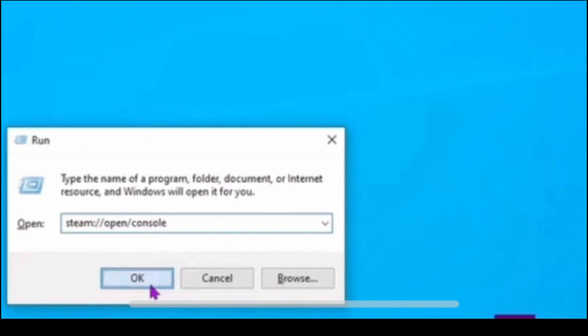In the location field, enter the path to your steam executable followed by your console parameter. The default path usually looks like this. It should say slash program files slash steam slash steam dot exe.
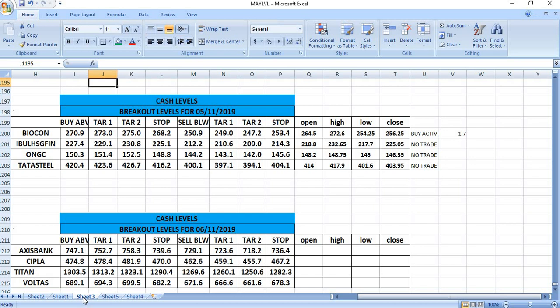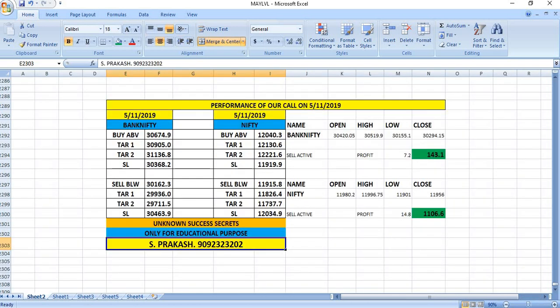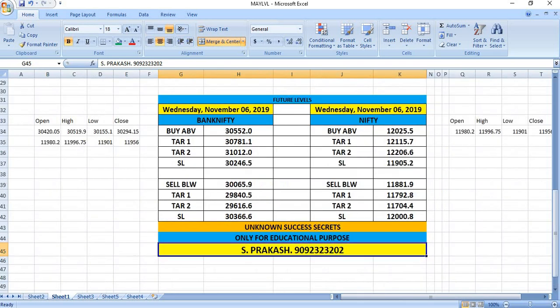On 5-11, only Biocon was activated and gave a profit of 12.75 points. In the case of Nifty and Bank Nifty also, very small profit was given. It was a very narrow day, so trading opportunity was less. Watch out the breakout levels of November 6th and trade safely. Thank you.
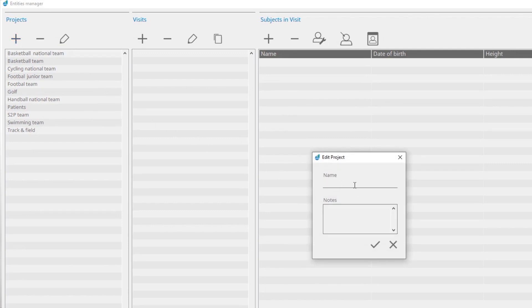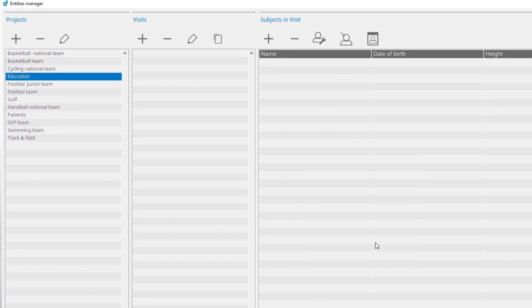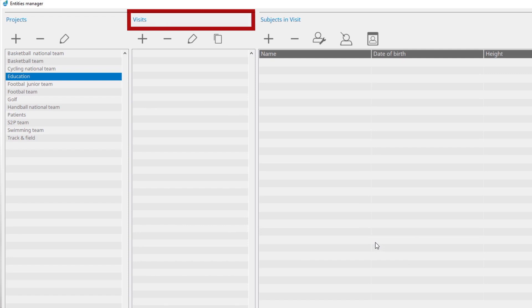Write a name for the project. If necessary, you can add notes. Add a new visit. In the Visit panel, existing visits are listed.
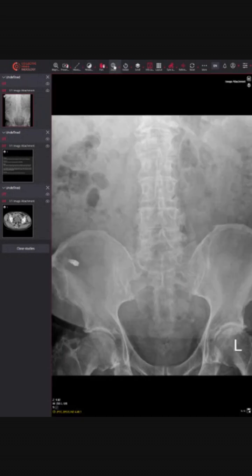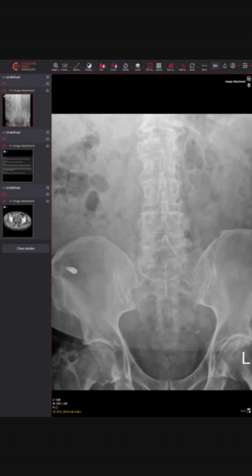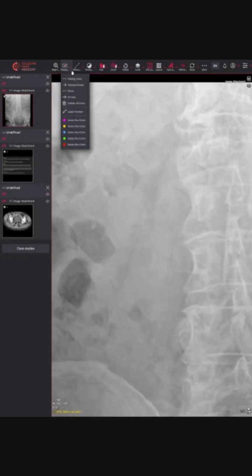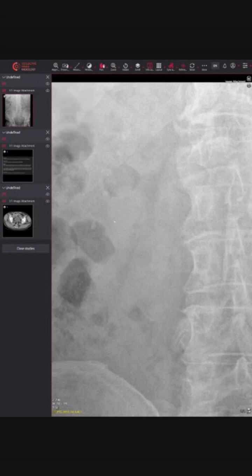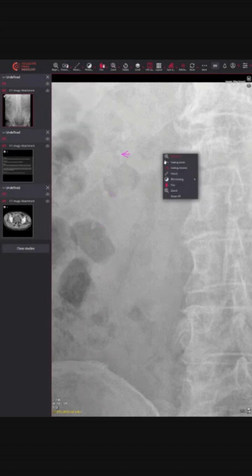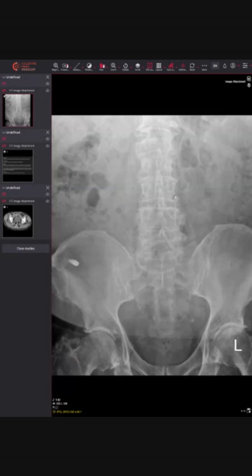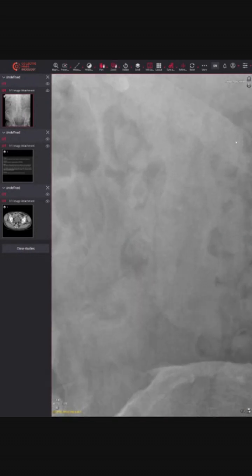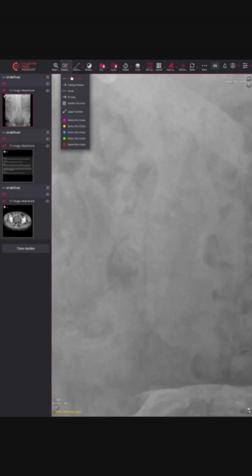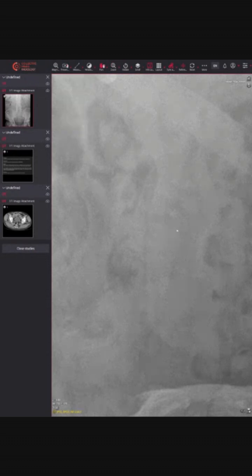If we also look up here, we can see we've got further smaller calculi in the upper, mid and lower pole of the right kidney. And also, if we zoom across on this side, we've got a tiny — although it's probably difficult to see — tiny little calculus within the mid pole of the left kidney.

==

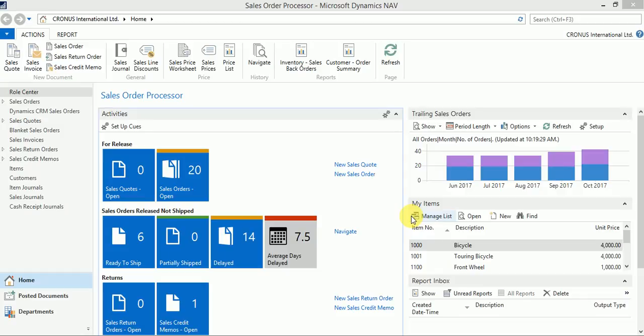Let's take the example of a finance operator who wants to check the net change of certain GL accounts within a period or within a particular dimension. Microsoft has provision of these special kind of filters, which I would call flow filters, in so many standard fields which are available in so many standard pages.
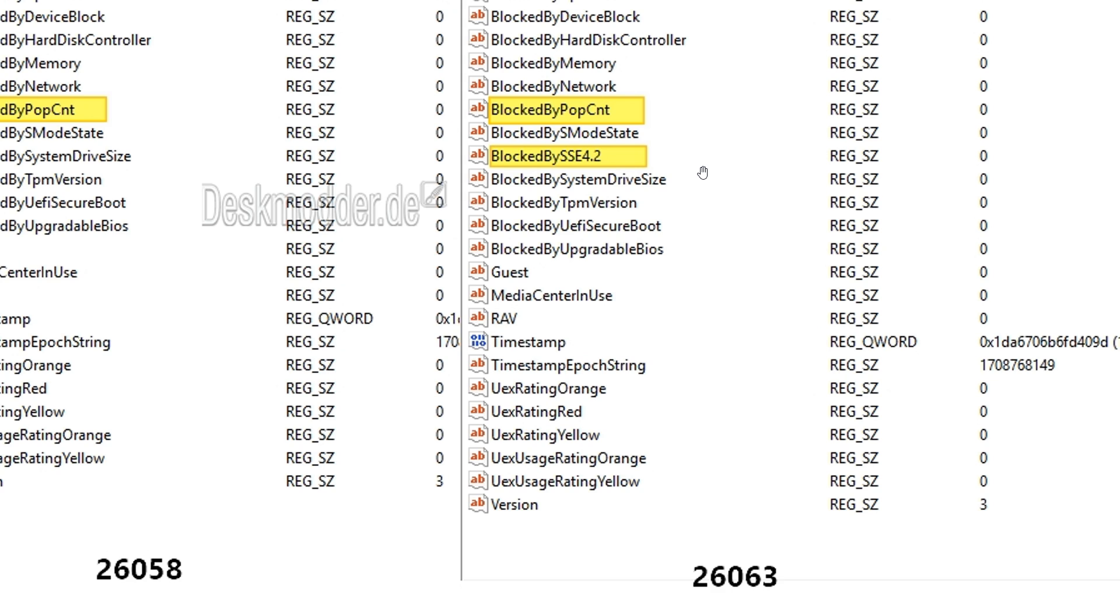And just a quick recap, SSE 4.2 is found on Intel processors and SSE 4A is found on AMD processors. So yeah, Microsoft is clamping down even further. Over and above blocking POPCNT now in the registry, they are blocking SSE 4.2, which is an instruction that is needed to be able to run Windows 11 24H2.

...

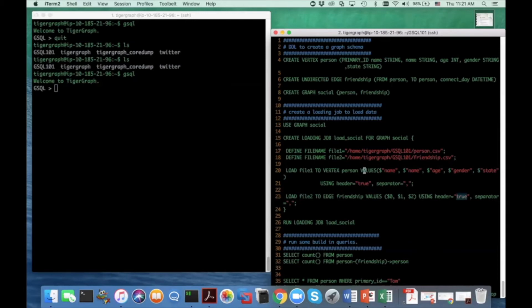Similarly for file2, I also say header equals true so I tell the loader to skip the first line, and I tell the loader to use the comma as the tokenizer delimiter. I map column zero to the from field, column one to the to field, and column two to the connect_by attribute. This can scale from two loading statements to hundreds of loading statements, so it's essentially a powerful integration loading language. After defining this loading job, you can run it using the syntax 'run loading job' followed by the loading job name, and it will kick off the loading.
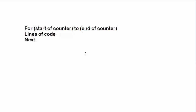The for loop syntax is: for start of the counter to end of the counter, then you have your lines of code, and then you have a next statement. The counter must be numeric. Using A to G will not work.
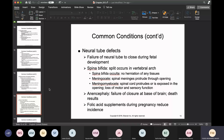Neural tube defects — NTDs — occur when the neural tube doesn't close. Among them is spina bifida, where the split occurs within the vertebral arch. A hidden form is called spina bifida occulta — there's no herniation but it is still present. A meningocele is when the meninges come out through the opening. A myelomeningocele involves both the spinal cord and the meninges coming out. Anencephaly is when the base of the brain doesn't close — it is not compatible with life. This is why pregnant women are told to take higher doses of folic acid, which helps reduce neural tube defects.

TASK DESCRIPTION | Between and including the line above that contains "Let's take the" and the line that contains "And just a quick", restate every line word for word. Pictures stay out.

TASK SOLUTION |
Let's take the example of a finance operator who wants to check the net change of certain GL accounts within a period or within a particular dimension. Microsoft has provision of these special kind of filters, which I would call flow filters, in so many standard fields which are available in so many standard pages.
And just a quick recap, SSE 4.2 is found on Intel processors and SSE 4A is found on AMD processors. So yeah, Microsoft is clamping down even further. Over and above blocking POPCNT now in the registry, they are blocking SSE 4.2, which is an instruction that is needed to be able to run Windows 11 24H2.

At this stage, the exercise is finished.